What this task involves: The response must consist of the lines below from the one with "ZigBee Wall Touch" through the one with "Natural Pearl Beaded Bracelet BJEW-JB09079-1", exactly as they appear and with both ends kept.

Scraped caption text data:

'''

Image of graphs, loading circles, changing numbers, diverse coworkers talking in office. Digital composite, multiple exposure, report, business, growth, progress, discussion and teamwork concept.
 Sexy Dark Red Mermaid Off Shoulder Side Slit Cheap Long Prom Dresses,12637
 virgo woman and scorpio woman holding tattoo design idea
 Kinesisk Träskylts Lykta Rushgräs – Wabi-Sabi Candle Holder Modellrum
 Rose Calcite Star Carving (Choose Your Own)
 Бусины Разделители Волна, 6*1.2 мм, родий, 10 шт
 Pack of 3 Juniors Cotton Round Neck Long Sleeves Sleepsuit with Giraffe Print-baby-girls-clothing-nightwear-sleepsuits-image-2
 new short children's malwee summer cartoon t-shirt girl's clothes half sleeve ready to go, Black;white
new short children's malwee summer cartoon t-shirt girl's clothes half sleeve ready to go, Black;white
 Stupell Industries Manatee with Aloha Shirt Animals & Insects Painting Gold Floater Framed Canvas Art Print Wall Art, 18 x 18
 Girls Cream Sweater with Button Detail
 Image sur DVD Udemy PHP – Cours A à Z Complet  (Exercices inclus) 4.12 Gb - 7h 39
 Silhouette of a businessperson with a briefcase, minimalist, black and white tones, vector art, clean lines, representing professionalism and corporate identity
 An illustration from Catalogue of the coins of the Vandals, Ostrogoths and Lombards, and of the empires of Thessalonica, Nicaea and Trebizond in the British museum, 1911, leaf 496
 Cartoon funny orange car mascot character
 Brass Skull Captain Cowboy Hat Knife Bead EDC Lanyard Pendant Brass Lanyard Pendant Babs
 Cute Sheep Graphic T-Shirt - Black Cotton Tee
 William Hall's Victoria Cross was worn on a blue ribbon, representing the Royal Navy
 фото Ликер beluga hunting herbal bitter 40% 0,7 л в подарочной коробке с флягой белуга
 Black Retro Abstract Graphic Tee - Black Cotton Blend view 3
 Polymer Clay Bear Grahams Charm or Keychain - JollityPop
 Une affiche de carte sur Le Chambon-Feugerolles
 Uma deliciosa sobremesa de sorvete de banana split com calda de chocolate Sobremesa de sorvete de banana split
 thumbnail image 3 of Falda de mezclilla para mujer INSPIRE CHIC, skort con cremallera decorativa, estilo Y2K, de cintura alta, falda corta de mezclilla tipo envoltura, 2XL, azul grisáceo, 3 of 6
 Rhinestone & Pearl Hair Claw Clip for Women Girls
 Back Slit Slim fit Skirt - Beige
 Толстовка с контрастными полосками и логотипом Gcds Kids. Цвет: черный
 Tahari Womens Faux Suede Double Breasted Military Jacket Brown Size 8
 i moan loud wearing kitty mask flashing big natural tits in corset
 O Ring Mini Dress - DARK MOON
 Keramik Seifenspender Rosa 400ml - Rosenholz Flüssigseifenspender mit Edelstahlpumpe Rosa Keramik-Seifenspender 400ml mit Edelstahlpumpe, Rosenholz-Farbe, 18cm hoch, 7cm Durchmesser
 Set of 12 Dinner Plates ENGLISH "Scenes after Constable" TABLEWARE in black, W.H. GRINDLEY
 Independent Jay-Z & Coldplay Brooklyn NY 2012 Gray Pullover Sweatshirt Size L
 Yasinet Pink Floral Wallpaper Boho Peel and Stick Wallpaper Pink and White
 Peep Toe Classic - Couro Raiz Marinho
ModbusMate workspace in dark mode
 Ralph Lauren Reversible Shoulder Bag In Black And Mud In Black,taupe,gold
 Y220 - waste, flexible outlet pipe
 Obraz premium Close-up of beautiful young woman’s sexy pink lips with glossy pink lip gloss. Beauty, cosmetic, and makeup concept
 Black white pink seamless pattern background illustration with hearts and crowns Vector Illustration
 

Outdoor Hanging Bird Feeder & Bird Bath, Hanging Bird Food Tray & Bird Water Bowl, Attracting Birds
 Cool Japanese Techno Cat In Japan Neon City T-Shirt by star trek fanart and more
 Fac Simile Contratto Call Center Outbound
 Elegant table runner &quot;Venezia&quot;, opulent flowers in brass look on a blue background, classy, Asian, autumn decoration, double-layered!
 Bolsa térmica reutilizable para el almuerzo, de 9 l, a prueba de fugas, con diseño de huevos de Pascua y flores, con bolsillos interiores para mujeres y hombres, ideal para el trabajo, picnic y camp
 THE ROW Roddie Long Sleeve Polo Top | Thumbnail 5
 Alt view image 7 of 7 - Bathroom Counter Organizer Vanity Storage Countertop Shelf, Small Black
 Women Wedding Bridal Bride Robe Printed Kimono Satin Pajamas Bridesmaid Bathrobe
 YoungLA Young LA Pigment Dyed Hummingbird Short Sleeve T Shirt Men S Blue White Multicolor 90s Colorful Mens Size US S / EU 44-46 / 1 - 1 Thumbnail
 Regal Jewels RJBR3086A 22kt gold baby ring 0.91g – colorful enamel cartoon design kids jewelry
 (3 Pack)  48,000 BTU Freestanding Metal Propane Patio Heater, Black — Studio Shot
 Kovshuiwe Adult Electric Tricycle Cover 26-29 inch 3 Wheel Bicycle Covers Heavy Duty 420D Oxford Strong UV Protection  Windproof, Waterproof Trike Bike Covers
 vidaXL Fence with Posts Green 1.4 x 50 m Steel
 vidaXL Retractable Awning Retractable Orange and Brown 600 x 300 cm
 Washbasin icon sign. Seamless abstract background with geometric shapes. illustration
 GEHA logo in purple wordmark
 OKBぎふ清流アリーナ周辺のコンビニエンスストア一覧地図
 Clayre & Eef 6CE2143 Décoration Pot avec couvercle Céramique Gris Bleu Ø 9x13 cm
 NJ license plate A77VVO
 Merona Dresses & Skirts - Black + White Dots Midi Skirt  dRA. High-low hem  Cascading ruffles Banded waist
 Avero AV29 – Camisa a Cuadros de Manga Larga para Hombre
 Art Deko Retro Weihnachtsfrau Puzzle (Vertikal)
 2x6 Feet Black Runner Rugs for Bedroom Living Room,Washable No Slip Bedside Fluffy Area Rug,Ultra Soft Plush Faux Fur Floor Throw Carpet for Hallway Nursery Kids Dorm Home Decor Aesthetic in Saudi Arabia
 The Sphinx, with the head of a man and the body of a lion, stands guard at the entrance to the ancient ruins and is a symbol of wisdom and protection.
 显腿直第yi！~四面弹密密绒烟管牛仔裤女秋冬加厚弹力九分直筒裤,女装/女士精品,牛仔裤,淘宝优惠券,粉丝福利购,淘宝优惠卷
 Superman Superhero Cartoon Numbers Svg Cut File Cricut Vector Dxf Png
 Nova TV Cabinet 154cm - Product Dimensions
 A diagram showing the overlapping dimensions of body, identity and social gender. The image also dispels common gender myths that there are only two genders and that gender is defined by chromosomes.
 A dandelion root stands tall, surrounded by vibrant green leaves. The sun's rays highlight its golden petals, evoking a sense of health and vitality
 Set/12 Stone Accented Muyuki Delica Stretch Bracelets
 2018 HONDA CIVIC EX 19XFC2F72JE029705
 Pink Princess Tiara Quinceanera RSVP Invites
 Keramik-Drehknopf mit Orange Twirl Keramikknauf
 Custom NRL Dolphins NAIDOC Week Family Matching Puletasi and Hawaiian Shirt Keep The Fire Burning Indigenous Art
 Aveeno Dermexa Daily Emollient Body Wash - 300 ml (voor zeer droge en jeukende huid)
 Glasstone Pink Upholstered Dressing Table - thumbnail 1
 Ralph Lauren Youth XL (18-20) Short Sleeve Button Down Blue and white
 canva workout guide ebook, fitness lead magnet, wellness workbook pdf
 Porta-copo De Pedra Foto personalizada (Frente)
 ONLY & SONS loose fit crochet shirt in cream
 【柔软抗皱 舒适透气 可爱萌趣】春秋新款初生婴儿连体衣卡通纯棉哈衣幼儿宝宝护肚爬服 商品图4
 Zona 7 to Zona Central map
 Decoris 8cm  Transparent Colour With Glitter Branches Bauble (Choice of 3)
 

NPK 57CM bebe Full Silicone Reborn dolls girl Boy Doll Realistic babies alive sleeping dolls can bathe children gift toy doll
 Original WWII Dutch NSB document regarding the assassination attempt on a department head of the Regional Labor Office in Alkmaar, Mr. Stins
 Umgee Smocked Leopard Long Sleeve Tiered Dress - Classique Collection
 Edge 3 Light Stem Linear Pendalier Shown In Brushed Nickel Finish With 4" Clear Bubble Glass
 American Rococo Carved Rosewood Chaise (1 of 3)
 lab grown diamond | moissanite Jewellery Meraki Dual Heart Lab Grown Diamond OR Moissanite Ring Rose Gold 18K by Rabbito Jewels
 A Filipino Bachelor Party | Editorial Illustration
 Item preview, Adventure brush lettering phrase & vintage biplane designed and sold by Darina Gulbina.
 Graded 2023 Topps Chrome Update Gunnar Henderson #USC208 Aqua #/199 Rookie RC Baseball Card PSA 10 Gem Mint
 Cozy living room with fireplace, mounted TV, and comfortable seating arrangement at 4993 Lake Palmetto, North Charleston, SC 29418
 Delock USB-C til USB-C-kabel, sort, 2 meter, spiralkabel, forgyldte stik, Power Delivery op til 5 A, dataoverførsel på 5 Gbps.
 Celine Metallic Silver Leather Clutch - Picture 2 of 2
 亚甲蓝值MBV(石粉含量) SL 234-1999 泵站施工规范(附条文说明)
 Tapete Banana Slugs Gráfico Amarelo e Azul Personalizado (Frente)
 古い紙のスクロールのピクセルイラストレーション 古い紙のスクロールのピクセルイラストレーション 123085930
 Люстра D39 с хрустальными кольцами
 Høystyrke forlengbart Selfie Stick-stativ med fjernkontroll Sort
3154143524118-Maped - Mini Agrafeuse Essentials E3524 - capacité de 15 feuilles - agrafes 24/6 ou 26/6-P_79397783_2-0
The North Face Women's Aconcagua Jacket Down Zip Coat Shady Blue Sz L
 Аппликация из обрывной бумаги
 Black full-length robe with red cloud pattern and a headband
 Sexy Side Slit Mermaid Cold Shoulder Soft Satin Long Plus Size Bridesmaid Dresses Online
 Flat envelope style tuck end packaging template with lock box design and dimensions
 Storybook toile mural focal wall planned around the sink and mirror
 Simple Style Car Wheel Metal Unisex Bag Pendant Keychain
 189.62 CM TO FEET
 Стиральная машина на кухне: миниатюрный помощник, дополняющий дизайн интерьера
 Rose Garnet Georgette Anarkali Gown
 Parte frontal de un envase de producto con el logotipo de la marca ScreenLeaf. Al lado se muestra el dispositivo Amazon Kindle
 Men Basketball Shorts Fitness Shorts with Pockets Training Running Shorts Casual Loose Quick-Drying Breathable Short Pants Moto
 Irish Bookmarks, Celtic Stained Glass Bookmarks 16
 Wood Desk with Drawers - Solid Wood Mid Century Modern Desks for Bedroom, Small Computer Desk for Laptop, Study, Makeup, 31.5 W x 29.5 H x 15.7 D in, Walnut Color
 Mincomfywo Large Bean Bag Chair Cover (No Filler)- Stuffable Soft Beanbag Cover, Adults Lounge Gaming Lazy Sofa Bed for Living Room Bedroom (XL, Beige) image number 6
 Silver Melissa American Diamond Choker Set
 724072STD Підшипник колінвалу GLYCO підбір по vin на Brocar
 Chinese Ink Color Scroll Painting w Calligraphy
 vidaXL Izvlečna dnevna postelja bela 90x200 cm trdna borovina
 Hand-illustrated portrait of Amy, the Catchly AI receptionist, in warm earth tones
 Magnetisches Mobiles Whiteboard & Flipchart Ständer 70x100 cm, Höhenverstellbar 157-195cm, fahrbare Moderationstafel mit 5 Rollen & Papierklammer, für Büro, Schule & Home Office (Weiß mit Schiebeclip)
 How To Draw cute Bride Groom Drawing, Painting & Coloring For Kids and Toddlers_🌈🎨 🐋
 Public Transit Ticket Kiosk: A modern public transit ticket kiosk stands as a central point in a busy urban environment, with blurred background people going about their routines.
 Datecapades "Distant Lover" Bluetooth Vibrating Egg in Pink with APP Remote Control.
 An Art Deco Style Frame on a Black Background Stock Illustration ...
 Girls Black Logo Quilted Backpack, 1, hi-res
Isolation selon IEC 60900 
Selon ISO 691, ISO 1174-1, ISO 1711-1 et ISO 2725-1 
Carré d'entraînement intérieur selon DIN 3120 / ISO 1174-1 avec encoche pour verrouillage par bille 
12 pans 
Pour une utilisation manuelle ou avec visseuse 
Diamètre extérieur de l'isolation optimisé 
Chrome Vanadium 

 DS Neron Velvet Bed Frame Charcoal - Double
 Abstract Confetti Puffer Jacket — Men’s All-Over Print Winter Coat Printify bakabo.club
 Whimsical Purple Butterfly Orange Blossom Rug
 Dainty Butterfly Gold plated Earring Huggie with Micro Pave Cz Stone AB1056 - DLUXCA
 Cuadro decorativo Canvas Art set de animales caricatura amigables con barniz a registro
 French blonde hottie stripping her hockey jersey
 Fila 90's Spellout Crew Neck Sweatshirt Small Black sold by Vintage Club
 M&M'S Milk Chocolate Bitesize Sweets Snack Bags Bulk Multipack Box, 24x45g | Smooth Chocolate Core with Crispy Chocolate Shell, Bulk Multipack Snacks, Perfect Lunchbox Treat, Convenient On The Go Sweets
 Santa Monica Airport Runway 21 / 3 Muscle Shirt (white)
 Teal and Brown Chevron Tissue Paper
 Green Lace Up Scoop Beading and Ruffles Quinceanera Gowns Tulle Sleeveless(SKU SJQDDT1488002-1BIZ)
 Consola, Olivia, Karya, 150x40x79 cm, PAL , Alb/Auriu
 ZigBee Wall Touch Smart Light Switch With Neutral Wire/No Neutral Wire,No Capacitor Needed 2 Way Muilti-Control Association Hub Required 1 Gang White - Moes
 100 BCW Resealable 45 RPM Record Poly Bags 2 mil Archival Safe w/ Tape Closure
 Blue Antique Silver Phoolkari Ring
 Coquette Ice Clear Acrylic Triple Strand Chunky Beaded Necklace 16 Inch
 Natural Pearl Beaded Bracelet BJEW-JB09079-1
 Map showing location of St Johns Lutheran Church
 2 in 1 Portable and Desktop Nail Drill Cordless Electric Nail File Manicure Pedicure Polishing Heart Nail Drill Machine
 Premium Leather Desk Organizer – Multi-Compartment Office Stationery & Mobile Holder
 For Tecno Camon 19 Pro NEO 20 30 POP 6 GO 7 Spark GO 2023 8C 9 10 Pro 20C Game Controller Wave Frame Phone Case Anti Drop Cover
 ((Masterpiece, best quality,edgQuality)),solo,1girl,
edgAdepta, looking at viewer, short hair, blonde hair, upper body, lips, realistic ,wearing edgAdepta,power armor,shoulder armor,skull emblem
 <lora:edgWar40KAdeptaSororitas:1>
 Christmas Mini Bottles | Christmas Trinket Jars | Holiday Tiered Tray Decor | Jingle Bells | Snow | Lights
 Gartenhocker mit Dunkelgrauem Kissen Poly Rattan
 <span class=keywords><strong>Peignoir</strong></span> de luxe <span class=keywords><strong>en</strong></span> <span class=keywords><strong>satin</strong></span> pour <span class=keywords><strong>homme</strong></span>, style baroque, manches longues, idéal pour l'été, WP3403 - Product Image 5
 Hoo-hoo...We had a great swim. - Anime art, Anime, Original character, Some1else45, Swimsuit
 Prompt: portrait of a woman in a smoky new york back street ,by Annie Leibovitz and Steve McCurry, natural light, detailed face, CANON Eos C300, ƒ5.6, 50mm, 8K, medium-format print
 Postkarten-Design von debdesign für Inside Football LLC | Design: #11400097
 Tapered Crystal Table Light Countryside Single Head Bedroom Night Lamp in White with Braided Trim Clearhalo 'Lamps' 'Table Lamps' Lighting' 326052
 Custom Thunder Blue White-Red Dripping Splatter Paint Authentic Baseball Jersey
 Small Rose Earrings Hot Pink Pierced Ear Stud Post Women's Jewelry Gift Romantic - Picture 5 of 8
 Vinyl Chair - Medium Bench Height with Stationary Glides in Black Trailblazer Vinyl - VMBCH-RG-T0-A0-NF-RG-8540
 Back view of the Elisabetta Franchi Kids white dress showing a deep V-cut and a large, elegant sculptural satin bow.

'''

Task result:
 ZigBee Wall Touch Smart Light Switch With Neutral Wire/No Neutral Wire,No Capacitor Needed 2 Way Muilti-Control Association Hub Required 1 Gang White - Moes
 100 BCW Resealable 45 RPM Record Poly Bags 2 mil Archival Safe w/ Tape Closure
 Blue Antique Silver Phoolkari Ring
 Coquette Ice Clear Acrylic Triple Strand Chunky Beaded Necklace 16 Inch
 Natural Pearl Beaded Bracelet BJEW-JB09079-1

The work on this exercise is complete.